In their desire to expand in Asia, US investment banks have little choice but to get into bed with local partners. The most dramatic of the relationships so far forged has been Morgan Stanley's pioneering joint venture with the People's Bank of China. Will it blossom into a lasting and profitable marriage or will cultural clashes turn the partners against each other? Tony Shale reports



China International Capital Corporation (CICC) is China's first international investment bank to receive a licence from the central bank, the People's Bank of China (PBOC). Capitalized at $100 million, it was officially launched at a ceremony in Beijing's Diaoyutai State Guest House last October. It also marks the first time in its 61-year history that Morgan Stanley has entered into a formal joint-venture agreement.

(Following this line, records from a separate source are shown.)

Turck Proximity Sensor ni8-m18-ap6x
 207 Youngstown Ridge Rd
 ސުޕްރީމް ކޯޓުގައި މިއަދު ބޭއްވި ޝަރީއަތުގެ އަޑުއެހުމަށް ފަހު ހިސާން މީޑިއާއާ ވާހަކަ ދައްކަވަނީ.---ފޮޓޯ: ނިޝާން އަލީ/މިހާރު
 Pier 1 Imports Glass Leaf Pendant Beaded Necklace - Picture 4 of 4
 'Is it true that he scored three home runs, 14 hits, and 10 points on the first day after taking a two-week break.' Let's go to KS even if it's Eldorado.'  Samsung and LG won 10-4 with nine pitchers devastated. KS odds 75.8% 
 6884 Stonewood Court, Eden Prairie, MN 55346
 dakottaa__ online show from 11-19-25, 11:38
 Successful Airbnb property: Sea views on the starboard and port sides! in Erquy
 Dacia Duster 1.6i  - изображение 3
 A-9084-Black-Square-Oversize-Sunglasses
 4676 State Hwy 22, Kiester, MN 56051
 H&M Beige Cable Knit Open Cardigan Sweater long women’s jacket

The Wall Street house broke a lot of its own rules to do so. "Historically we have had no interest in going into developing markets like China which are still largely closed to cross-border investment," says John Wadsworth, chairman of Morgan Stanley Asia in Hong Kong. In almost the same breath he concedes that it is a chancy gamble: "Going ahead with CICC in a climate in which joint ventures are notoriously difficult to get right ... people could almost question our sanity."

While mostly too polite to make such accusations on the record, some observers do query Morgan Stanley's timing. "It looks ambitious at the moment. We believe it is premature to look at joint ventures in China," says Trevor Rowe, chairman and co-chief executive officer of the Asia-Pacific region of Salomon Brothers Hong Kong.